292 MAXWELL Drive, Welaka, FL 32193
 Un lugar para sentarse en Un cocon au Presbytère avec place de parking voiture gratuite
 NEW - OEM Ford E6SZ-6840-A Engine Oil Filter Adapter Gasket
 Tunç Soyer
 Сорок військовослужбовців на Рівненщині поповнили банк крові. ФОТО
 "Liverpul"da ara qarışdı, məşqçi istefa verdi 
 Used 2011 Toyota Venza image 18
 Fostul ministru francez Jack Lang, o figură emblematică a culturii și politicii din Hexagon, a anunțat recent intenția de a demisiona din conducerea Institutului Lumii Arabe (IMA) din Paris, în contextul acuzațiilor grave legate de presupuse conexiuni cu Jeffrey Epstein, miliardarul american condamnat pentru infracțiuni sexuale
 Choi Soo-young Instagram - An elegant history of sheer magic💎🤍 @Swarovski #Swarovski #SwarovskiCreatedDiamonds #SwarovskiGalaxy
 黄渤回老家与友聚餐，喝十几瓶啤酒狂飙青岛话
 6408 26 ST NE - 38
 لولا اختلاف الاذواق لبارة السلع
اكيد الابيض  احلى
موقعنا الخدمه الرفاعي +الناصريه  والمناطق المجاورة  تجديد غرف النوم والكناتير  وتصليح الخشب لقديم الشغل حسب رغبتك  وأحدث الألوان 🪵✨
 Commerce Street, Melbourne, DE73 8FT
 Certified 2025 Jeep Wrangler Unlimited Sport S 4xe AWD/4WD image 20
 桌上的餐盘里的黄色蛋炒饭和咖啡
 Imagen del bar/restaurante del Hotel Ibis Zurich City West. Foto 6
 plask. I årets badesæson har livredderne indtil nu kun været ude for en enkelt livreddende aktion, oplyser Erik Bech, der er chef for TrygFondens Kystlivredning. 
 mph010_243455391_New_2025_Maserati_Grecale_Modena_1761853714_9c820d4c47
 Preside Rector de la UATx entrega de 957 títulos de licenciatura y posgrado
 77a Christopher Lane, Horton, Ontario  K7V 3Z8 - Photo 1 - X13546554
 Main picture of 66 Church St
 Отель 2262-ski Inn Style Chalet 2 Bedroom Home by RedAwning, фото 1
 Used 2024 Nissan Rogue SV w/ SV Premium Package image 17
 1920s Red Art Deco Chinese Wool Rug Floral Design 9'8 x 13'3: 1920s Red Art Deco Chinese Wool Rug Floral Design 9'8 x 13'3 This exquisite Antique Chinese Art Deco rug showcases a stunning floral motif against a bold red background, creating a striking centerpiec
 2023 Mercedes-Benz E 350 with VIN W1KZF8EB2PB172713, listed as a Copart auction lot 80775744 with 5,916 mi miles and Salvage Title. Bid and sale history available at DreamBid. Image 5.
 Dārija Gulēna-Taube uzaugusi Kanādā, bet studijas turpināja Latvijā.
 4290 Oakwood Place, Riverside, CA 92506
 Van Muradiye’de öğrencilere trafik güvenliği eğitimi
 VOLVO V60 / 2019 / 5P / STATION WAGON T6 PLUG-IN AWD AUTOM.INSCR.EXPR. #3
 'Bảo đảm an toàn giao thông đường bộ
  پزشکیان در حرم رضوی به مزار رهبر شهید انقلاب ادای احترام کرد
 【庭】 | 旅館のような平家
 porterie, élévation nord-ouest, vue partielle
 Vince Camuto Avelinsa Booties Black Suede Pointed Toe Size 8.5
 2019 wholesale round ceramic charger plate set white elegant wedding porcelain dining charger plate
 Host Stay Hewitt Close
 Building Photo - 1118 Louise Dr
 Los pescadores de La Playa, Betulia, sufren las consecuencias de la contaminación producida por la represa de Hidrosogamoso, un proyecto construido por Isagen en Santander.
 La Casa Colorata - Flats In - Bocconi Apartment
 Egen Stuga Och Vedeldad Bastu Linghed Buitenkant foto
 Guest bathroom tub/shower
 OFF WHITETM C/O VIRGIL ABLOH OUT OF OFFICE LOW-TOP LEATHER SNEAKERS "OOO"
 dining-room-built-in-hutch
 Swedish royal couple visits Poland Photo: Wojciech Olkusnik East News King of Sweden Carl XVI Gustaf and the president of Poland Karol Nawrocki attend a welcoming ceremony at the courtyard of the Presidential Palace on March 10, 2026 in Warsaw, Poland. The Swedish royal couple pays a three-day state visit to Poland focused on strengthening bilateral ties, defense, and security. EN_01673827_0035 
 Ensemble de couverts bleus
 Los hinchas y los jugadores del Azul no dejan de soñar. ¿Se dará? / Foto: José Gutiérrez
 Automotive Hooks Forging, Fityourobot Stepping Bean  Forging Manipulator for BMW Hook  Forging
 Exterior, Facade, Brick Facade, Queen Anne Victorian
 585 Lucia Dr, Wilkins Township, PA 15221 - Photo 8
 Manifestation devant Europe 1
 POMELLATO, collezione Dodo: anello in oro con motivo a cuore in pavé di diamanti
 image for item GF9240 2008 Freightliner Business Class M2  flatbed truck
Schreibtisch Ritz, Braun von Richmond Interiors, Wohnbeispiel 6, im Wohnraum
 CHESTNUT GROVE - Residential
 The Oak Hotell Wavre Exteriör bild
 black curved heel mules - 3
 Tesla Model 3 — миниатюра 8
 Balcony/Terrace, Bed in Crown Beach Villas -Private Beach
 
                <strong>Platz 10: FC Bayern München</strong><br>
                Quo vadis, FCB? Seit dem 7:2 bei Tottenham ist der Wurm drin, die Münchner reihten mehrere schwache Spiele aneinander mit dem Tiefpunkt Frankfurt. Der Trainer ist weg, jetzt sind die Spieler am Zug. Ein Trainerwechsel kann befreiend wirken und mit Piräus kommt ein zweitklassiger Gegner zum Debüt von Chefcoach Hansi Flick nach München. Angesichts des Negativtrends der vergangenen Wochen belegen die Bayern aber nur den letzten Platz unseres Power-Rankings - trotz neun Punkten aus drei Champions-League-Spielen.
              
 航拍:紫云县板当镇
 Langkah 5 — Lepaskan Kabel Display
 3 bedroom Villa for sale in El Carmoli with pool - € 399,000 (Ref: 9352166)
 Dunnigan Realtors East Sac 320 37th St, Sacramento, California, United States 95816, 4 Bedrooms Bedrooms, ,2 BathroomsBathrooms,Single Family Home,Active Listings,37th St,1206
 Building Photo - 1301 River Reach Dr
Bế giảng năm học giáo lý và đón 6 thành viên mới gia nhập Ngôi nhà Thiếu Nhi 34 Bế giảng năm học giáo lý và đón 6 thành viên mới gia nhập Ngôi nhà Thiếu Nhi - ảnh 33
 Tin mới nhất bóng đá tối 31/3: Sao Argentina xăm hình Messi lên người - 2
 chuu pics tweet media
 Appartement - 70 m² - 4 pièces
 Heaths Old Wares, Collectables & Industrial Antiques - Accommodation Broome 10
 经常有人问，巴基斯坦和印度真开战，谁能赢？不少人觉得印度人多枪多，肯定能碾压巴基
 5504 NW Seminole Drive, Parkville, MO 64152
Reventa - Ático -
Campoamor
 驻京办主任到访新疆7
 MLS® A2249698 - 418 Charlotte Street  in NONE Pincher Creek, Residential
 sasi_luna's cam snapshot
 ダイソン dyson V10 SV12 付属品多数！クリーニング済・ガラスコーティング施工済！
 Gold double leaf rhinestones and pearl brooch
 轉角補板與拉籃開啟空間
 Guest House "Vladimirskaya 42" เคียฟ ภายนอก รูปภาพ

EXERCISE: All of the material must appear again, exactly as given.

FINAL ANSWER:
292 MAXWELL Drive, Welaka, FL 32193
 Un lugar para sentarse en Un cocon au Presbytère avec place de parking voiture gratuite
 NEW - OEM Ford E6SZ-6840-A Engine Oil Filter Adapter Gasket
 Tunç Soyer
 Сорок військовослужбовців на Рівненщині поповнили банк крові. ФОТО
 "Liverpul"da ara qarışdı, məşqçi istefa verdi 
 Used 2011 Toyota Venza image 18
 Fostul ministru francez Jack Lang, o figură emblematică a culturii și politicii din Hexagon, a anunțat recent intenția de a demisiona din conducerea Institutului Lumii Arabe (IMA) din Paris, în contextul acuzațiilor grave legate de presupuse conexiuni cu Jeffrey Epstein, miliardarul american condamnat pentru infracțiuni sexuale
 Choi Soo-young Instagram - An elegant history of sheer magic💎🤍 @Swarovski #Swarovski #SwarovskiCreatedDiamonds #SwarovskiGalaxy
 黄渤回老家与友聚餐，喝十几瓶啤酒狂飙青岛话
 6408 26 ST NE - 38
 لولا اختلاف الاذواق لبارة السلع
اكيد الابيض  احلى
موقعنا الخدمه الرفاعي +الناصريه  والمناطق المجاورة  تجديد غرف النوم والكناتير  وتصليح الخشب لقديم الشغل حسب رغبتك  وأحدث الألوان 🪵✨
 Commerce Street, Melbourne, DE73 8FT
 Certified 2025 Jeep Wrangler Unlimited Sport S 4xe AWD/4WD image 20
 桌上的餐盘里的黄色蛋炒饭和咖啡
 Imagen del bar/restaurante del Hotel Ibis Zurich City West. Foto 6
 plask. I årets badesæson har livredderne indtil nu kun været ude for en enkelt livreddende aktion, oplyser Erik Bech, der er chef for TrygFondens Kystlivredning. 
 mph010_243455391_New_2025_Maserati_Grecale_Modena_1761853714_9c820d4c47
 Preside Rector de la UATx entrega de 957 títulos de licenciatura y posgrado
 77a Christopher Lane, Horton, Ontario  K7V 3Z8 - Photo 1 - X13546554
 Main picture of 66 Church St
 Отель 2262-ski Inn Style Chalet 2 Bedroom Home by RedAwning, фото 1
 Used 2024 Nissan Rogue SV w/ SV Premium Package image 17
 1920s Red Art Deco Chinese Wool Rug Floral Design 9'8 x 13'3: 1920s Red Art Deco Chinese Wool Rug Floral Design 9'8 x 13'3 This exquisite Antique Chinese Art Deco rug showcases a stunning floral motif against a bold red background, creating a striking centerpiec
 2023 Mercedes-Benz E 350 with VIN W1KZF8EB2PB172713, listed as a Copart auction lot 80775744 with 5,916 mi miles and Salvage Title. Bid and sale history available at DreamBid. Image 5.
 Dārija Gulēna-Taube uzaugusi Kanādā, bet studijas turpināja Latvijā.
 4290 Oakwood Place, Riverside, CA 92506
 Van Muradiye’de öğrencilere trafik güvenliği eğitimi
 VOLVO V60 / 2019 / 5P / STATION WAGON T6 PLUG-IN AWD AUTOM.INSCR.EXPR. #3
 'Bảo đảm an toàn giao thông đường bộ
  پزشکیان در حرم رضوی به مزار رهبر شهید انقلاب ادای احترام کرد
 【庭】 | 旅館のような平家
 porterie, élévation nord-ouest, vue partielle
 Vince Camuto Avelinsa Booties Black Suede Pointed Toe Size 8.5
 2019 wholesale round ceramic charger plate set white elegant wedding porcelain dining charger plate
 Host Stay Hewitt Close
 Building Photo - 1118 Louise Dr
 Los pescadores de La Playa, Betulia, sufren las consecuencias de la contaminación producida por la represa de Hidrosogamoso, un proyecto construido por Isagen en Santander.
 La Casa Colorata - Flats In - Bocconi Apartment
 Egen Stuga Och Vedeldad Bastu Linghed Buitenkant foto
 Guest bathroom tub/shower
 OFF WHITETM C/O VIRGIL ABLOH OUT OF OFFICE LOW-TOP LEATHER SNEAKERS "OOO"
 dining-room-built-in-hutch
 Swedish royal couple visits Poland Photo: Wojciech Olkusnik East News King of Sweden Carl XVI Gustaf and the president of Poland Karol Nawrocki attend a welcoming ceremony at the courtyard of the Presidential Palace on March 10, 2026 in Warsaw, Poland. The Swedish royal couple pays a three-day state visit to Poland focused on strengthening bilateral ties, defense, and security. EN_01673827_0035 
 Ensemble de couverts bleus
 Los hinchas y los jugadores del Azul no dejan de soñar. ¿Se dará? / Foto: José Gutiérrez
 Automotive Hooks Forging, Fityourobot Stepping Bean  Forging Manipulator for BMW Hook  Forging
 Exterior, Facade, Brick Facade, Queen Anne Victorian
 585 Lucia Dr, Wilkins Township, PA 15221 - Photo 8
 Manifestation devant Europe 1
 POMELLATO, collezione Dodo: anello in oro con motivo a cuore in pavé di diamanti
 image for item GF9240 2008 Freightliner Business Class M2  flatbed truck
Schreibtisch Ritz, Braun von Richmond Interiors, Wohnbeispiel 6, im Wohnraum
 CHESTNUT GROVE - Residential
 The Oak Hotell Wavre Exteriör bild
 black curved heel mules - 3
 Tesla Model 3 — миниатюра 8
 Balcony/Terrace, Bed in Crown Beach Villas -Private Beach
 
                <strong>Platz 10: FC Bayern München</strong><br>
                Quo vadis, FCB? Seit dem 7:2 bei Tottenham ist der Wurm drin, die Münchner reihten mehrere schwache Spiele aneinander mit dem Tiefpunkt Frankfurt. Der Trainer ist weg, jetzt sind die Spieler am Zug. Ein Trainerwechsel kann befreiend wirken und mit Piräus kommt ein zweitklassiger Gegner zum Debüt von Chefcoach Hansi Flick nach München. Angesichts des Negativtrends der vergangenen Wochen belegen die Bayern aber nur den letzten Platz unseres Power-Rankings - trotz neun Punkten aus drei Champions-League-Spielen.
              
 航拍:紫云县板当镇
 Langkah 5 — Lepaskan Kabel Display
 3 bedroom Villa for sale in El Carmoli with pool - € 399,000 (Ref: 9352166)
 Dunnigan Realtors East Sac 320 37th St, Sacramento, California, United States 95816, 4 Bedrooms Bedrooms, ,2 BathroomsBathrooms,Single Family Home,Active Listings,37th St,1206
 Building Photo - 1301 River Reach Dr
Bế giảng năm học giáo lý và đón 6 thành viên mới gia nhập Ngôi nhà Thiếu Nhi 34 Bế giảng năm học giáo lý và đón 6 thành viên mới gia nhập Ngôi nhà Thiếu Nhi - ảnh 33
 Tin mới nhất bóng đá tối 31/3: Sao Argentina xăm hình Messi lên người - 2
 chuu pics tweet media
 Appartement - 70 m² - 4 pièces
 Heaths Old Wares, Collectables & Industrial Antiques - Accommodation Broome 10
 经常有人问，巴基斯坦和印度真开战，谁能赢？不少人觉得印度人多枪多，肯定能碾压巴基
 5504 NW Seminole Drive, Parkville, MO 64152
Reventa - Ático -
Campoamor
 驻京办主任到访新疆7
 MLS® A2249698 - 418 Charlotte Street  in NONE Pincher Creek, Residential
 sasi_luna's cam snapshot
 ダイソン dyson V10 SV12 付属品多数！クリーニング済・ガラスコーティング施工済！
 Gold double leaf rhinestones and pearl brooch
 轉角補板與拉籃開啟空間
 Guest House "Vladimirskaya 42" เคียฟ ภายนอก รูปภาพ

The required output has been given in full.